== How to complete this task ==
Look for the line with "For Rent: $3,150"; please transcribe it and every later line in the entries exactly, up to the end, leaving pictures out.

Entries taken from a collection:
.....

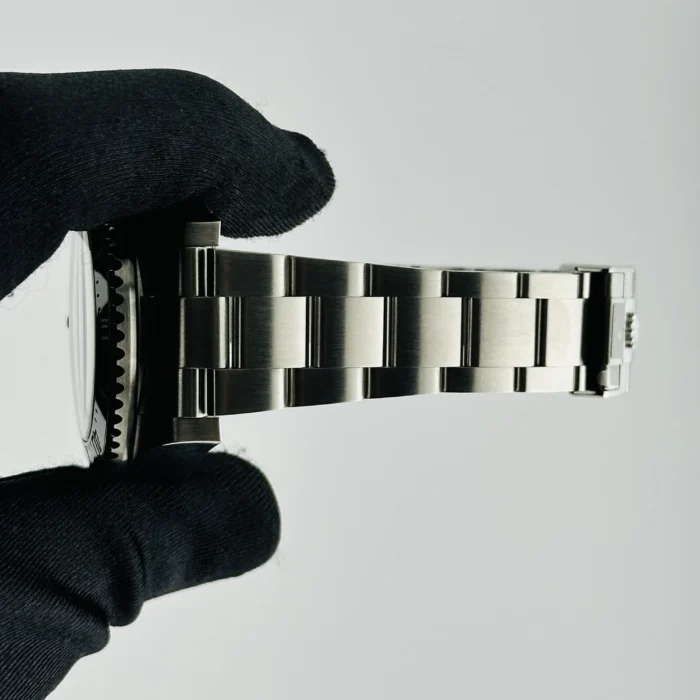 Rolex Sea-Dweller Deepsea James Cameron Dark Blue/Black Dial on Oyster Ref. 116660 with New Style Card (White) 2017 - Image 5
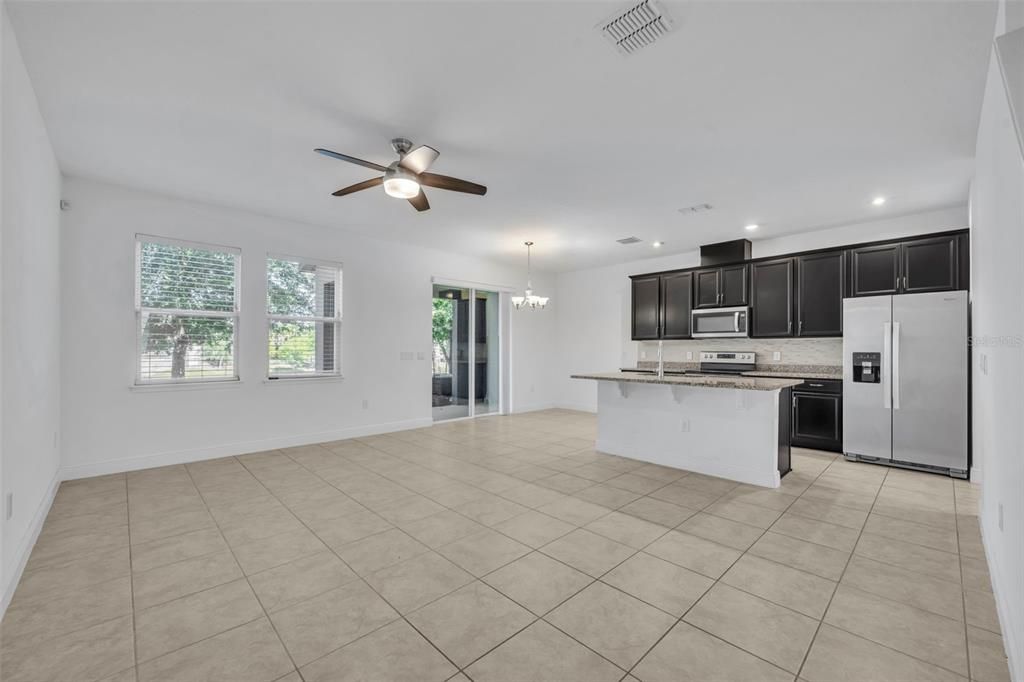 For Rent: $3,150 (3 beds, 2 baths, 1755 Square Feet)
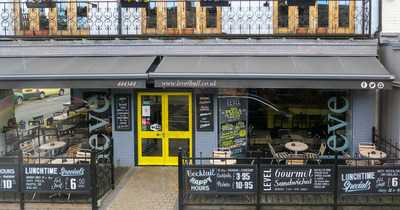 Level Cafe Bar & Grill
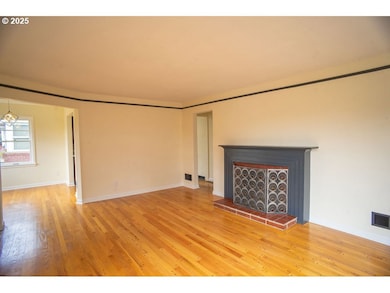 118 E 38th St, Vancouver, WA 98663 - photo 6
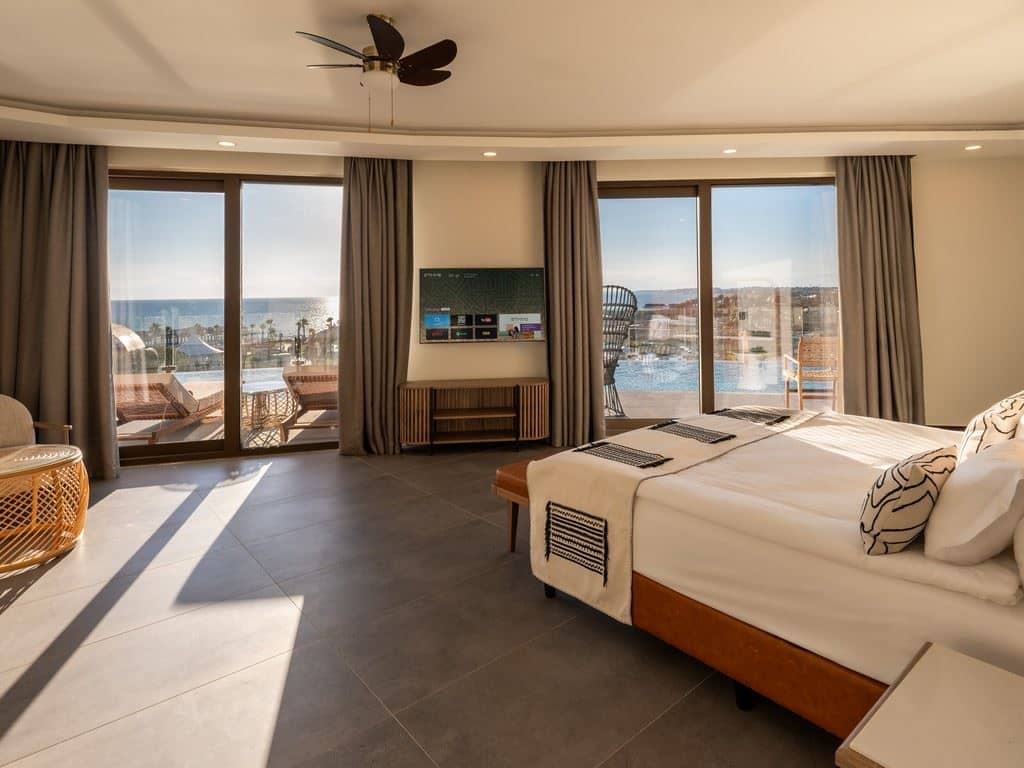 rooms-corner-swim-up-suite-sea-view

.....

== Response ==
 For Rent: $3,150 (3 beds, 2 baths, 1755 Square Feet)
 Level Cafe Bar & Grill
 118 E 38th St, Vancouver, WA 98663 - photo 6
 rooms-corner-swim-up-suite-sea-view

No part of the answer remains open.